Les données de notre laboratoire et d'autres laboratoires suggèrent que le microbiote intestinal est impliqué dans les comportements de dépression et d'anxiété induits par le stress, et qu'il a donc un potentiel thérapeutique (Bravo et al., 2011 ; Burokas et al., 2018 ; Cruz-Pereira et al. 2020 ; Kelly et al., 2016). Nous avons également montré que le microbiome affecte la neurogenèse hippocampique adulte (production de nouveaux neurones dans la zone de l'hippocampe du cerveau adulte), un important processus cérébral sensible au stress qui est nécessaire à l'action des antidépresseurs (Levone et al., 2014 ; Ogbonnaya et al., 2014 ; O'Leary et Cryan, 2014 ; O'Leary et al., 2014 ; O'Leary et al., 2013 ; Santarelli et al., 2003). Toutefois, la plupart des études ont été réalisées sur des hommes adultes. En outre, les rôles du microbiote intestinal dans la vulnérabilité du cerveau maternel au stress pendant la période postnatale et dans les différences entre les sexes en ce qui concerne la dépression de l'adolescent chez sa progéniture n'ont pas encore été étudiés.
Les objectifs de ce projet sont les suivants :
(1) déterminer le rôle du microbiote intestinal dans la vulnérabilité maternelle post-partum à la dépression induite par le stress et aux comportements de type anxieux, ainsi que dans les altérations de la neurogenèse hippocampique ; et
(2) déterminer si le stress et les changements microbiens intestinaux chez la mère sont associés à la vulnérabilité de la progéniture masculine et féminine à développer des comportements similaires au stress, à la dépression et à l'anxiété lorsqu'elle atteint l'adolescence.
À cette fin, nous utiliserons un paradigme dans lequel les mères souris (avec ou sans manipulation du microbiote intestinal par supplémentation en prébiotiques) élèveront leur progéniture (avec ou sans manipulation du microbiote intestinal par supplémentation en prébiotiques) dans des conditions normales ou dans un environnement stressant pendant les jours postnataux 4 à 11 (Goodwill et al., 2019).
Des travaux antérieurs sur les souris ont montré que ce paradigme, qui implique une restriction de la litière, induit des soins maternels fragmentés, un environnement précoce chaotique pour les petits en développement, et induit un comportement de type dépressif chez la progéniture, en particulier chez les femelles (Rice et al., 2008 ; Goodwill et al...), 2019 ; Walker et al., 2017), mais peu d'études ont été menées sur l'impact de ce stress sur les mères (c'est-à-dire les mères) et sur la question de savoir si les comportements de type dépression post-partum qui y sont associés sont liés à des altérations du microbiote intestinal ou de la neurogenèse hippocampique.

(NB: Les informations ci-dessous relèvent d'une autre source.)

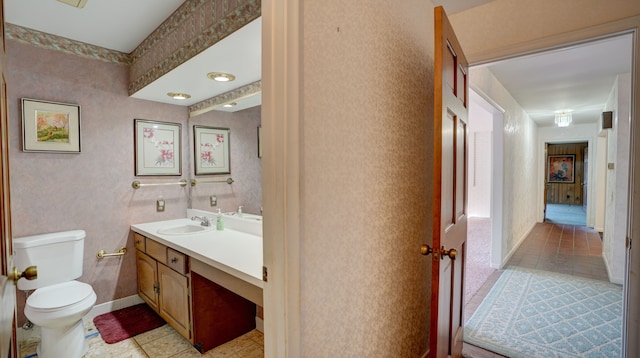 bathroom with tile patterned floors, vanity, and toilet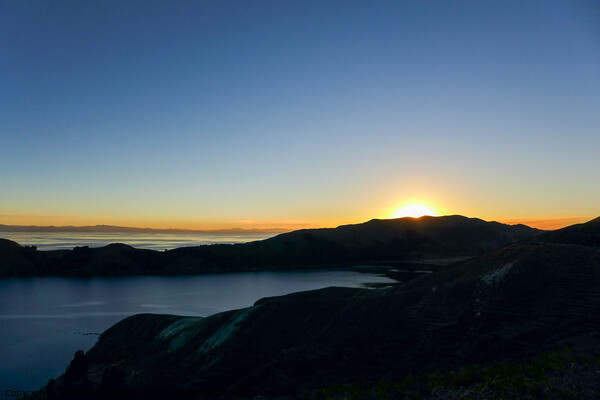 Isla del Sol sunset behind mountains on Lake Titicaca Picture Board by Madeleine Deaton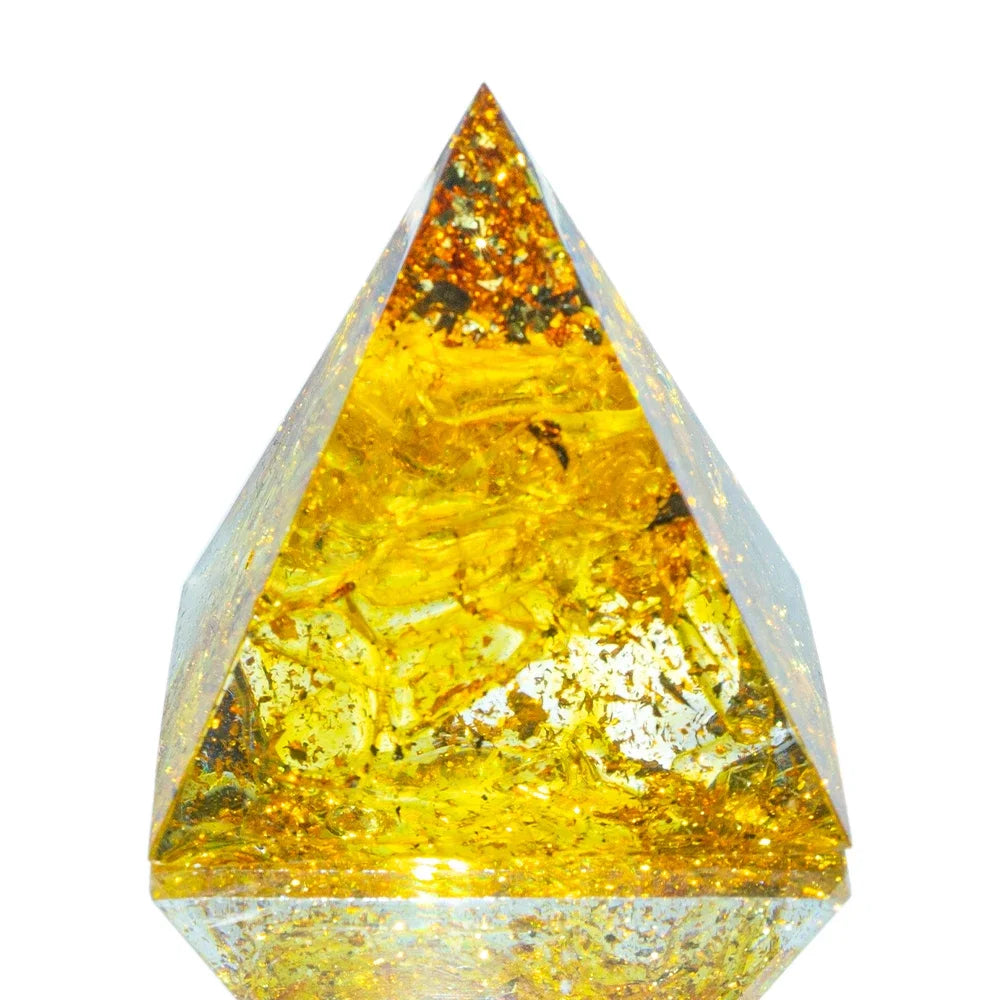 A 3cm orgone pyramid filled with golden yellow topaz crystals and sparkling gold foil, encased in clear resin, crafted for manifestation, confidence, and energy cleansing.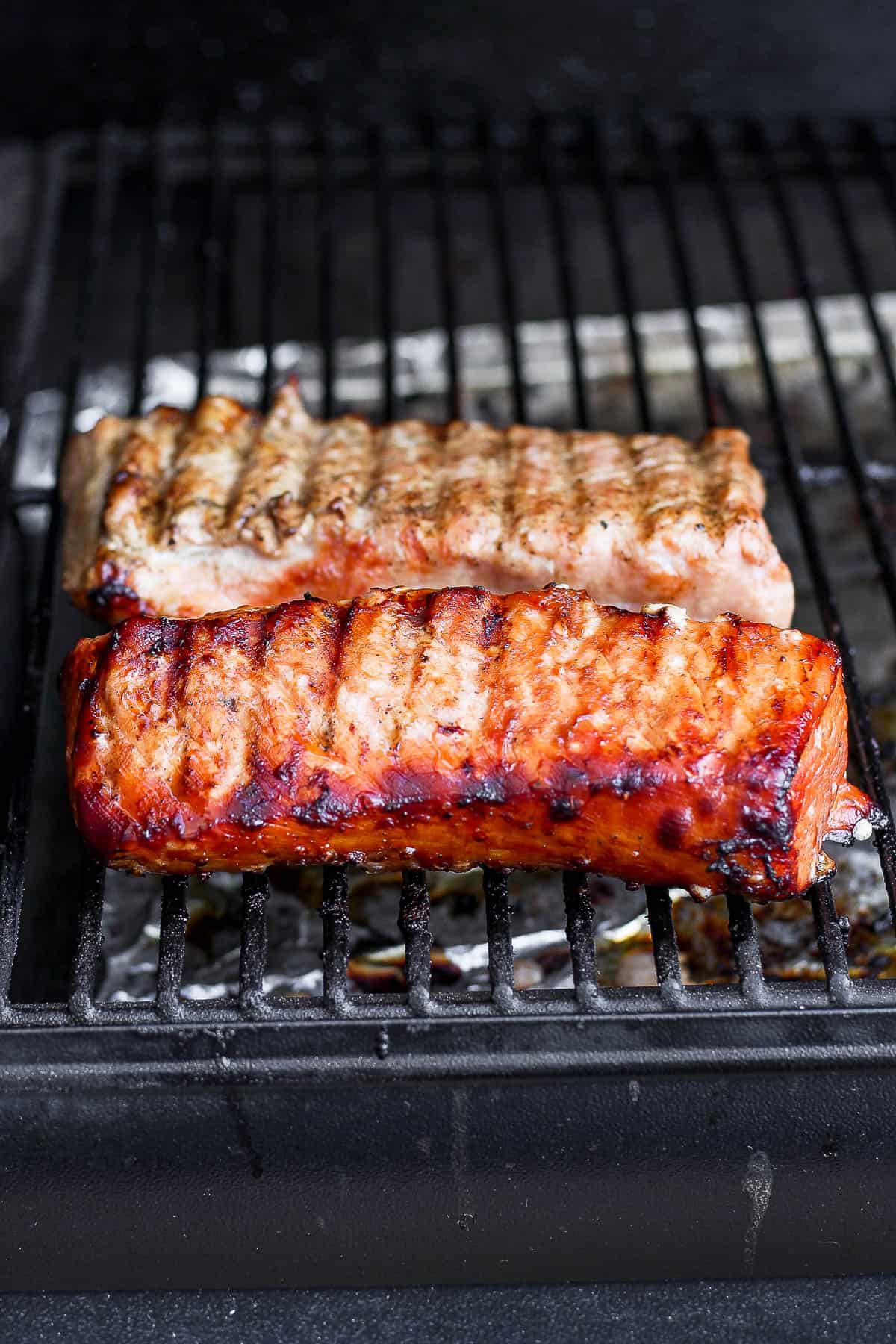 A marinated pork loin on a smoker.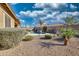 Relaxing backyard oasis with a sparkling pool and desert landscaping at 6413 W Copper Springs Rd, Phoenix, AZ 85083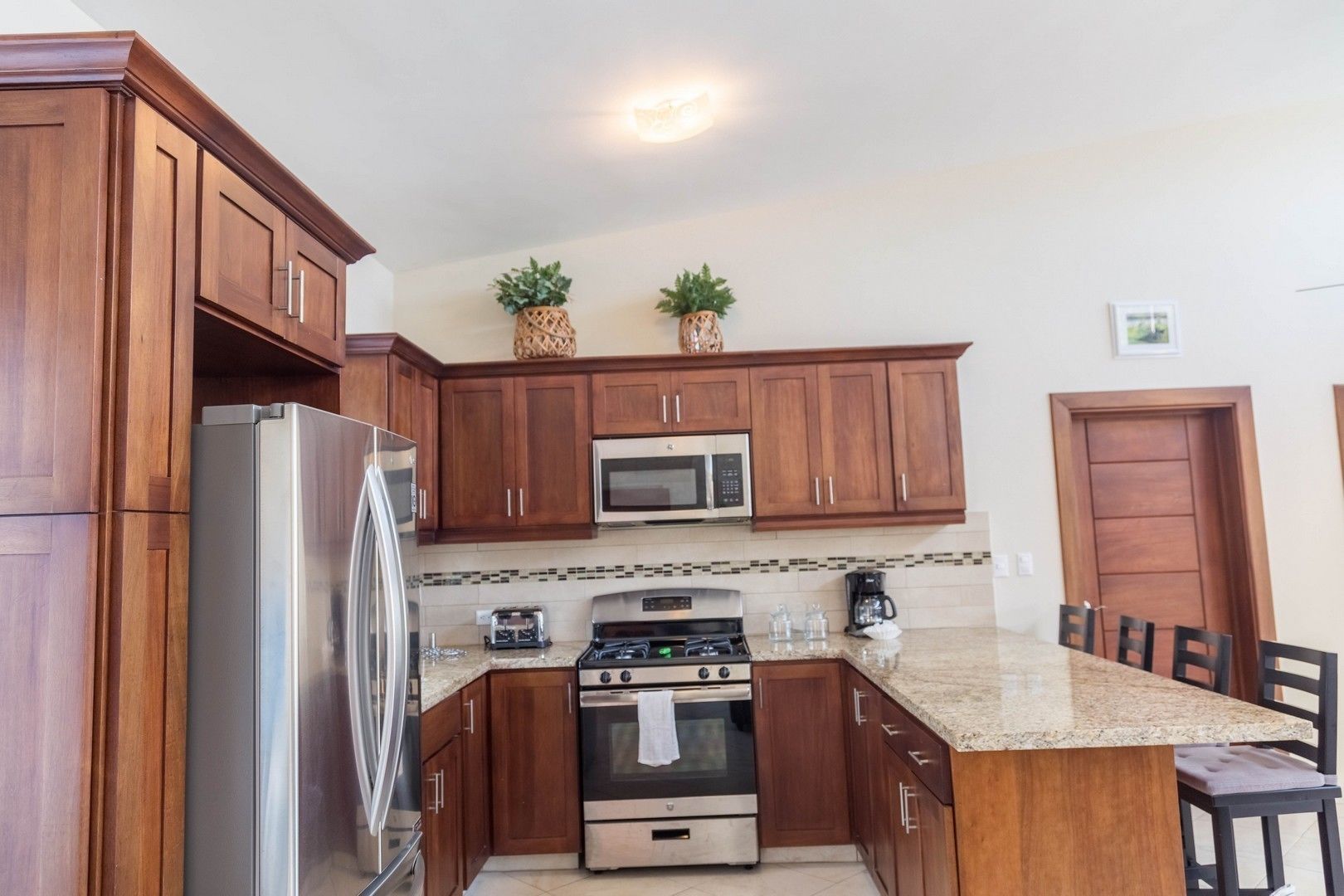 A kitchen with wooden cabinets, stainless steel appliances, a granite countertop, and a dining area with chairs.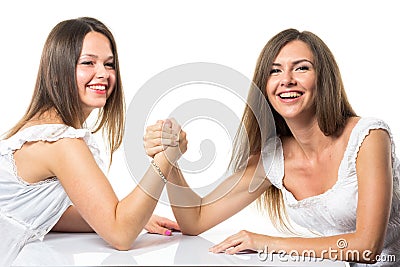 Two serious competetive women having arm wrestling fight, compete with each other. Stock Photo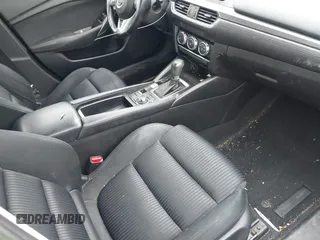 2016 Mazda 6 i Sport with VIN JM1GJ1U55G1472416, listed as a IAAI auction lot 41961622 with 157,315 mi miles and . Bid and sale history available at DreamBid. Image 5.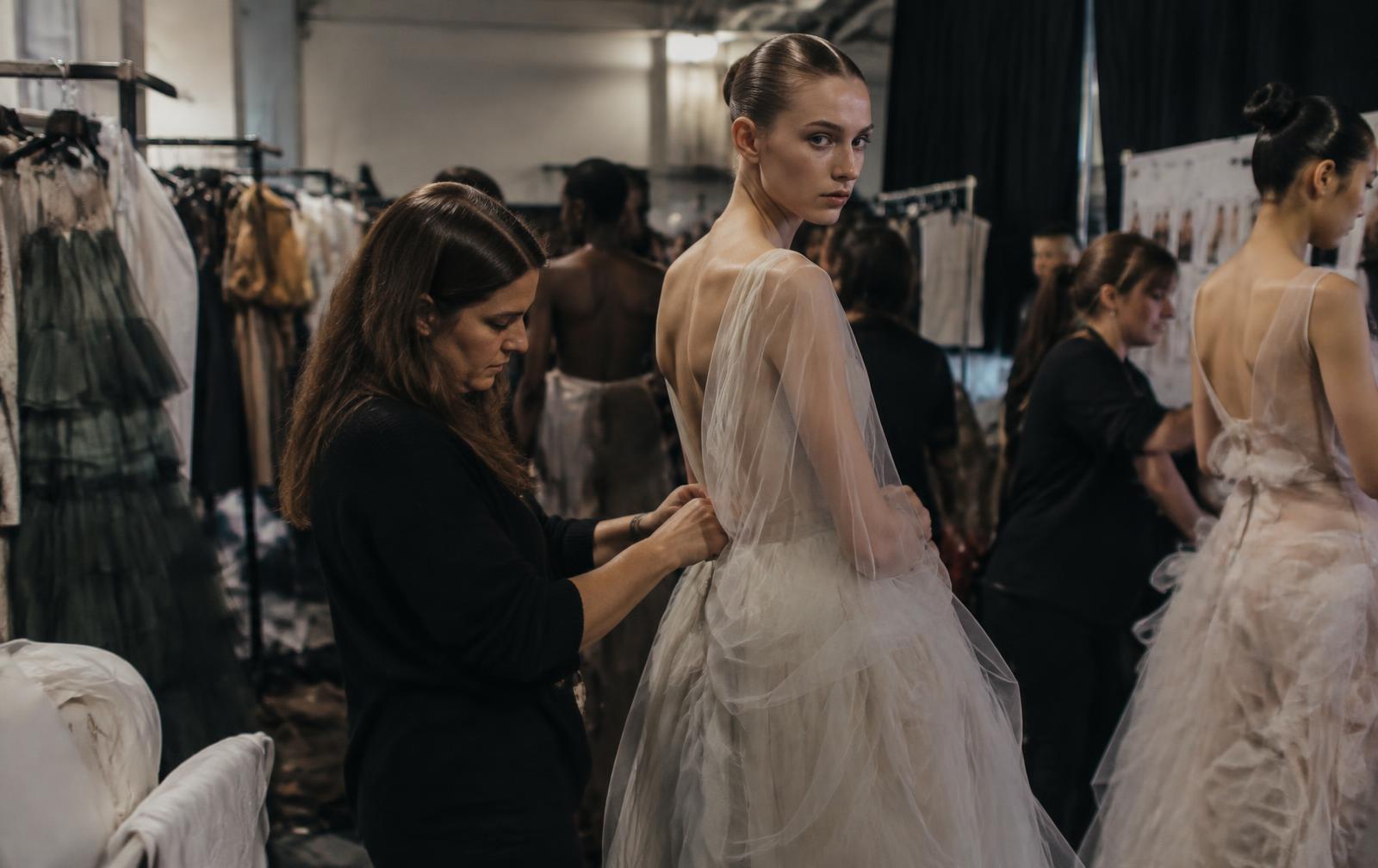 Dressers preparing models in pale layered dresses backstage beside clothing racks before a fashion show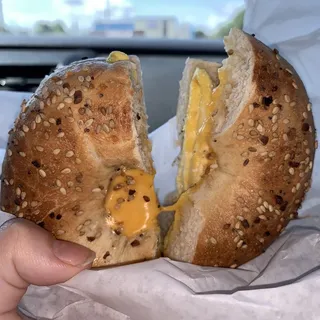 Buttered Bagel With Egg And Cheese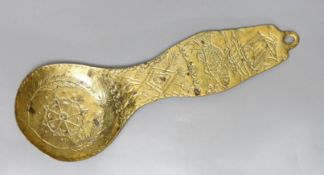 A folk art cast brass ladle,27cms long,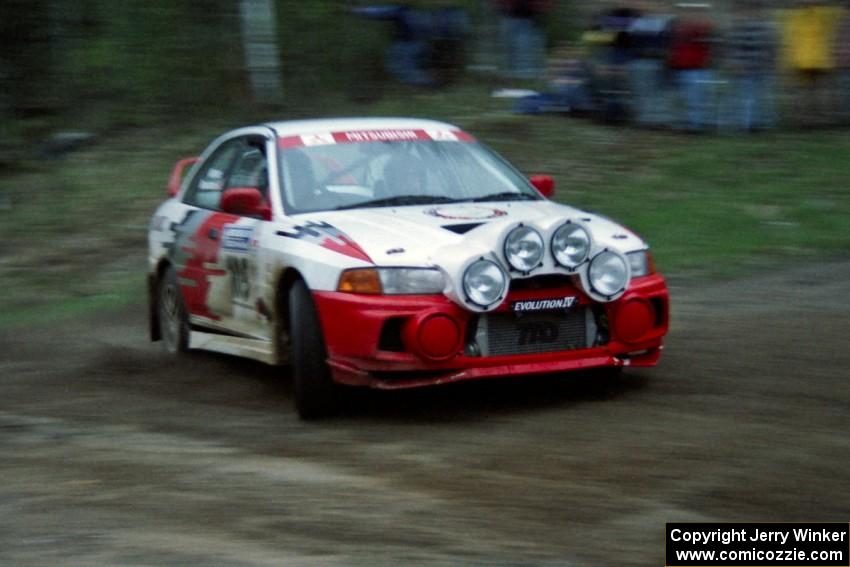 The Bill Morton / Mike Busalacchi Misubishi Lancer Evo IV at speed at the sweeper at the crossroads.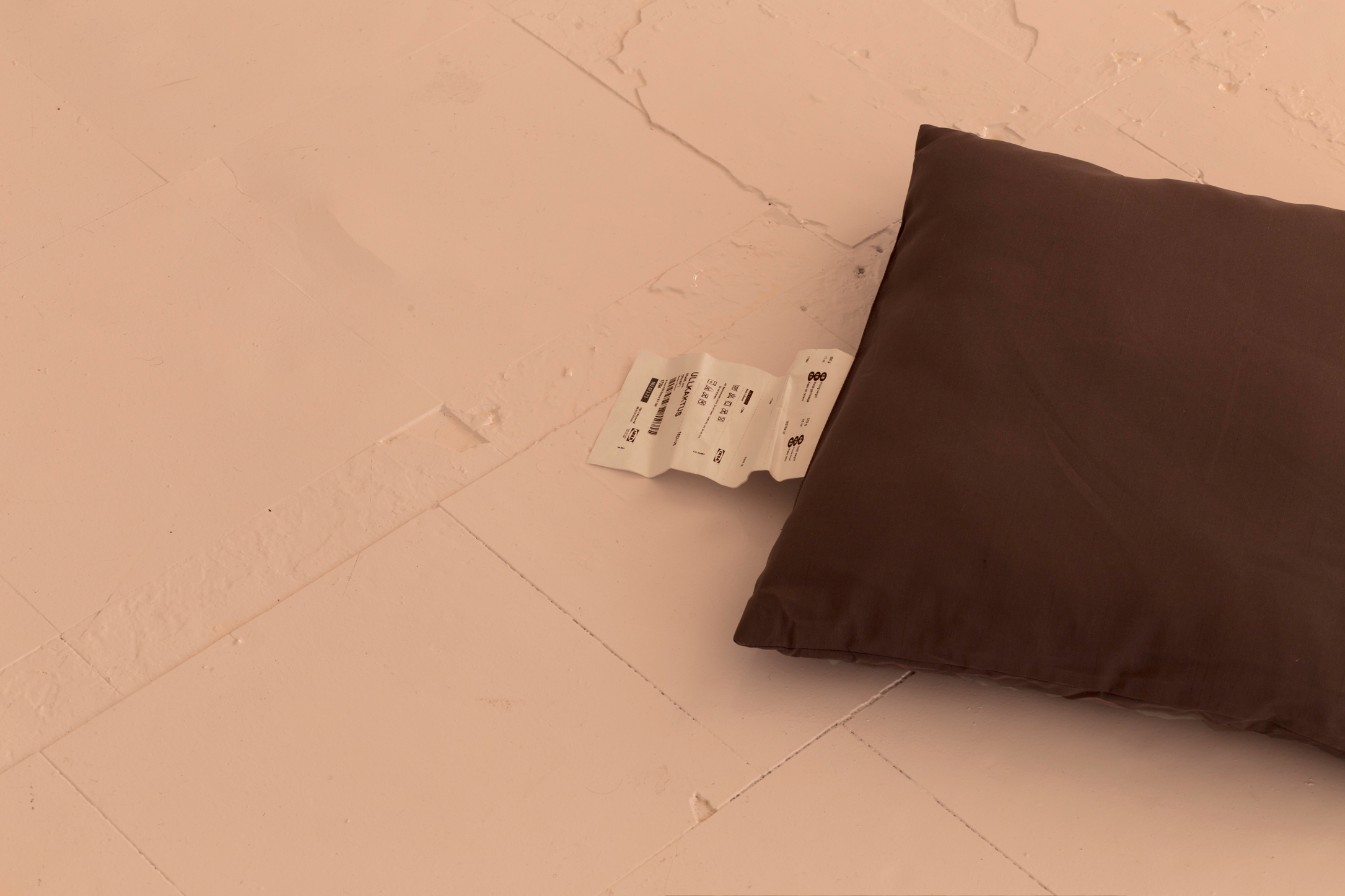 A grey ikea cushion sits on the floor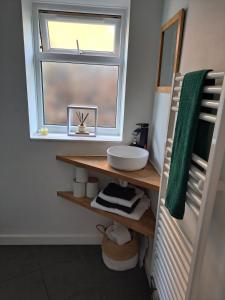 ein Badezimmer mit Waschbecken und Fenster in der Unterkunft Whole Annexe in our family home & private entrance in Ipswich + 6 Fotos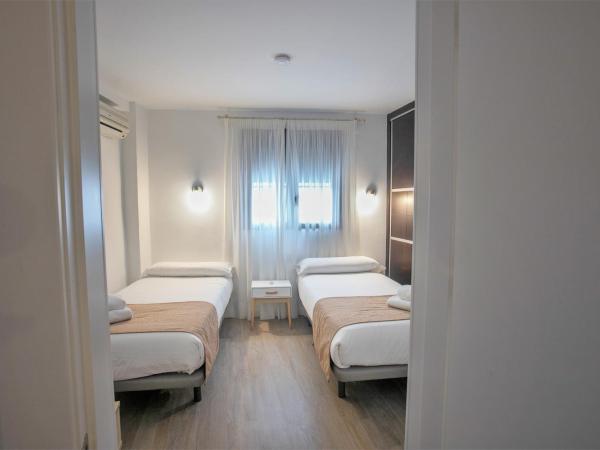 Vitium Córdoba : photo 4 de la chambre chambre quadruple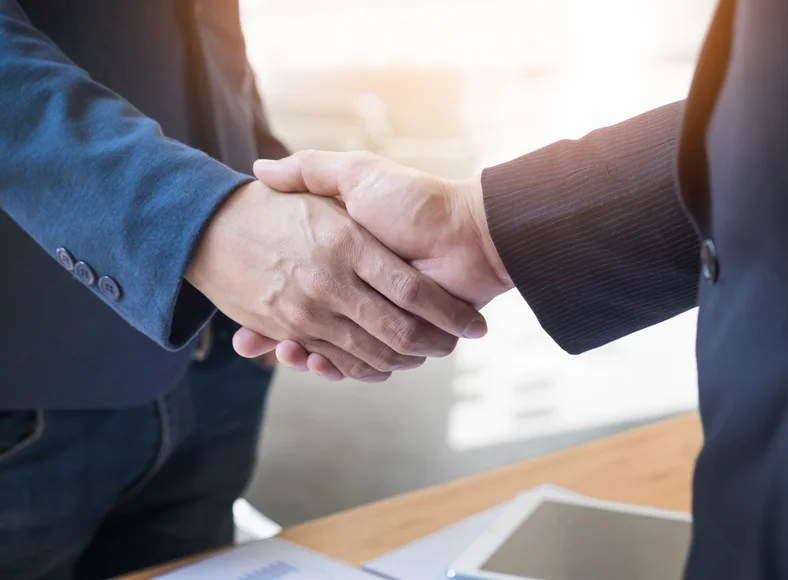 A lawyer and client shaking hands across a desk with legal items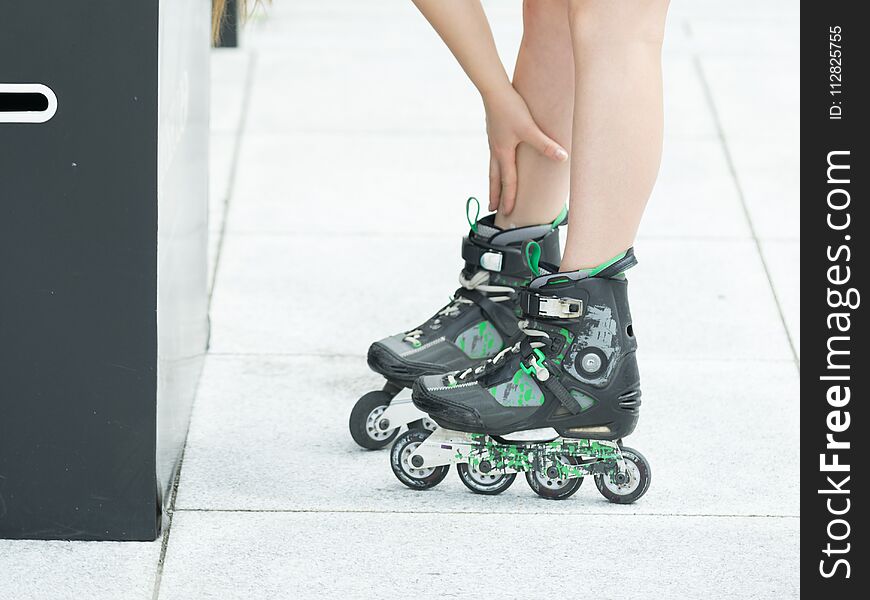 Woman slim legs wearing roller skates standing outside. Sport activity objects concept. Woman slim legs wearing roller skates standing outside. Sport activity objects concept.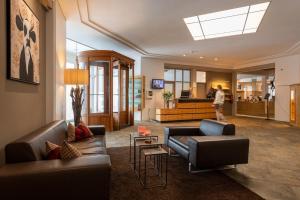 锡尔斯玛丽亚Arenas Resort Schweizerhof的带沙发的客厅和背景行走的人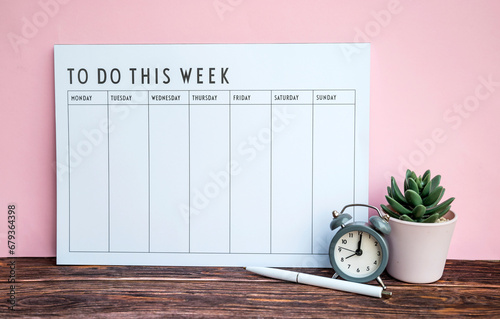 Weekly planner on pink background . To do this week  photo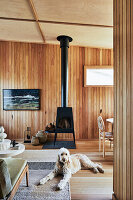 Gemütlicher Wohnraum mit Holzverkleidung und Kaminofen, Hund im Vordergrund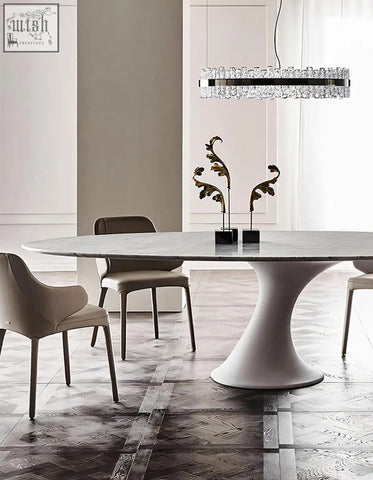 A sleek omer oval dining table with a polished white marble top and minimalist pedestal base for dining room use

Nous étudierons donc l'impact de ce stress post-partum sur la dépression, l'anxiété et les comportements sociaux, la composition du microbiote intestinal et la neurogenèse hippocampique chez les mères et leur progéniture adolescente masculine et féminine. Ces données permettront de déterminer si une supplémentation prénatale en prébiotiques pour faciliter la croissance des bactéries probiotiques peut contrecarrer les effets négatifs du stress sur le cerveau et le comportement des mères et de leur progéniture. Ces expériences permettront également d'identifier les bactéries intestinales qui jouent un rôle important dans la santé mentale de la mère après l'accouchement et dans celle de l'adolescent, et donc d'identifier des consortiums de bactéries intestinales qui pourraient être développés sous forme de compléments alimentaires pour contrer les effets négatifs du stress post-partum et du stress au début de la vie. Ces données permettront de développer des interventions nutritionnelles prophylactiques pour la santé mentale de la mère, le développement du cerveau de l'enfant et la résistance au stress.